→ **Your goal**
What you return must match, exactly, the lines running from the one containing "Archway no Admiralty" to the end of the data, both included, and must contain no pictures.

→ **Data below**
● ● ● ● ● ● ●

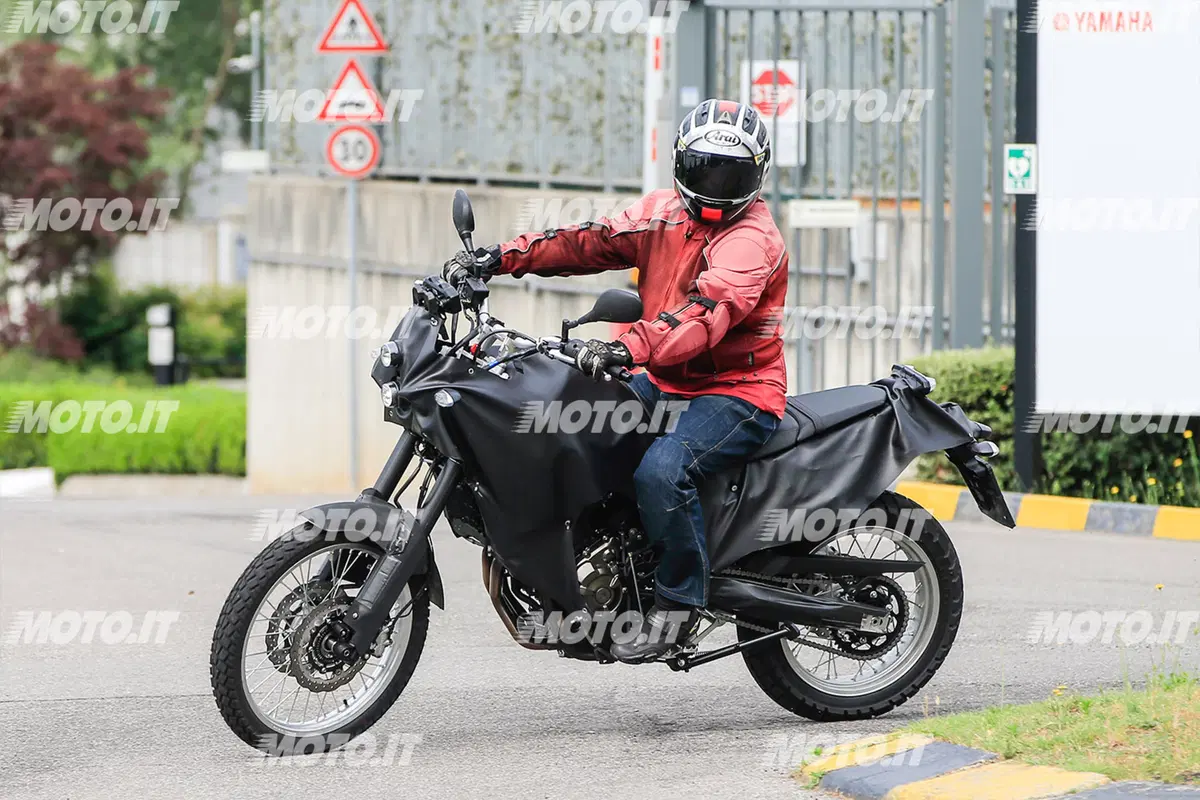 Yamaha Ténéré 700: il Concept T7 è realtà! Prime foto (10)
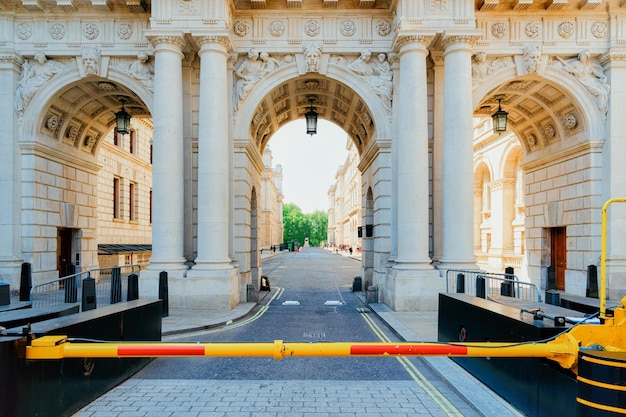 Archway no Admiralty Arch perto de Trafalgar Square e do Mall na cidade de Londres, no Reino Unido. Rua na cidade velha, Inglaterra.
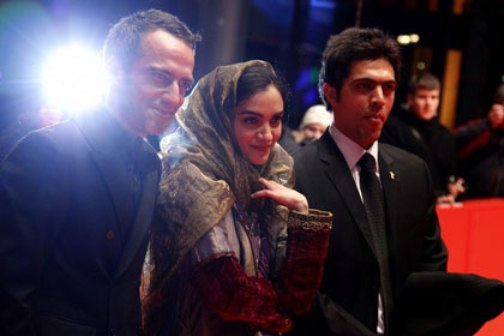 Rafi Pitts, Mitra Hajjar and Hassan Ghalenoi on the red carpet of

● ● ● ● ● ● ●

→ **Result of this exercise**
 Archway no Admiralty Arch perto de Trafalgar Square e do Mall na cidade de Londres, no Reino Unido. Rua na cidade velha, Inglaterra.
 Rafi Pitts, Mitra Hajjar and Hassan Ghalenoi on the red carpet of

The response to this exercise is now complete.